Giornale online di enogastronomia • Direttore Fabrizio Carrera
Numero 202 del 27/01/2011

IL PERSONAGGIO Buon “quarumaru” non mente

27 Gennaio 2011
campanella campanella

IL PERSONAGGIO

Gioacchino Campanella è uno dei più antichi venditori di cibo da strada a Palermo. Da 30 anni col suo carretto offre i tipici “quarume” e “mussu”, quei sapori popolari che sopravvivono. “Mio padre e mio nonno facevano questo mestiere, ma loro erano ambulanti. Nel mio caso sono i clienti a cercarmi”

Buon “quarumaru” non mente


Gioacchino Campanella

Monta ogni giorno all’una con il suo carrettino, lo fa da 30 anni per deliziare con la “quarume” ( o caldume in gergo italianizzato) e il musso i clienti, ovvero gli amici della sua borgata natale.

Nel quartiere Capo, il cuore di Palermo, in piazza Beati Paoli, Gioacchino Campanella porta avanti la tradizione del quarumaro, una delle più antiche figure dispensatrici di cibo da strada. A questa specialità in brodo caldo, che lui stesso prepara secondo la ricetta originale e tramandata, nessun palermitano verace può rinunciarvi, quasi si trattasse di una rivendicazione culinaria della propria identità. Per lo più associata oggi ad una pietanza per stomaci forti, un tempo, come racconta lo stesso Campanella, “proprio con la quarume si veniva svezzati dalle mamme”.
Uno dei pochi pasti che  la gente del popolo poteva permettersi perché costituito dagli scarti del vitello: intestino tenue (in dialetto lo ziniaru), i due stomaci, la centopelli e il lampredotto (il quagghiaru). Ci si scaldava e soprattutto ci si nutriva così, con queste parti fatte bollire per più di tre ore in acqua insieme a patate, carote, sedano, cipolla e un pomodoro pelato. La modalità di preparazione Gioacchino l’ha imparata guardando i familiari e nel suo pentolone prende vita tutti i giorni della settimana, festivi compresi. È infatti una certezza per gli abitanti del quartiere e non solo dato che tra chi apprezza la sua quarume vi sono anche gli extracomunitari che abitano le vie vicine. Segno che la matrice alimentare di questo piatto seppur così caratterizzata territorialmente travalica i confini culturali. E non potrebbe essere altrimenti dato che arriva in Sicilia portato dagli Arabi. Da allora i palermitani la ricetta l’hanno appresa e fatta propria tramandandola ai propri figli. Campanella il titolo di quarumaro l’ha ricevuto per via paterna. “Mio padre, mio nonno e ancora prima di lui il bisnonno sono sempre stati conosciuti da tutti come i quarumari del Capo.

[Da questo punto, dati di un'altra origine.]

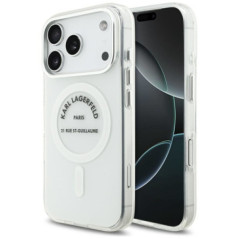 KARL LAGERFELD case for IPHONE 17 Pro compatible with MagSafe KLHMP17LHKRSGPT (IML Karl RSG Logo) transparent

Cartilagini e nervetti, gli ingredienti del Musso

Io sono cresciuto con i miei genitori che mi tenevano in braccio mentre stavano alla pentola”, tiene a precisare la sua origine il venditore ambulante che però ambulante non lo è mai stato a differenza dei suoi. “Un tempo il quarumaro abbanniava, richiamava la gente dalle case con un canto,  e portava la pietanza per le strade della città. Lo faceva il mio bisnonno. Oggi non lo faccio, si è persa questa pratica. Sono i clienti che mi vengono a trovare”. E non solo per acquistare, a giudicare dalle persone che si raccolgono attorno al suo carretto, ma per trattenersi a degustare lì in piedi la quarume servita calda su un piatto, e nel frattempo chiacchierare. Tanto che la sua postazione sembra più un salotto a cielo aperto. Assieme al vapore del pentolone salgono su anche le battute che ci si scambia.
Con questa tradizione gastronomica si arriva a toccare con mano il valore di medium, di legame culturale che ha assunto il cibo in Sicilia. I sapori della Palermo popolare che ancora resiste non si esauriscono però solo alla quarume. Gioacchino prepara per i “manciatari”, tali si definiscono i palermitani a cui piace mangiare, anche il musso. Altra prelibatezza estrema se si pensa alle cartilagini e ad altre parti del vitello con cui è fatta, ma molto buona come professano gli intenditori. La carne della mascella (il masceddaru), i merletti (il musso), le cartilagini dello zoccolo, l’orecchio, il pene (u niernu), la lingua, bolliti e serviti freddi con abbondante limone spremuto e sale diventano un’insalata grassa e irresistibile. Un’esperienza cui sottoporre il gusto se si vuole capire davvero Palermo.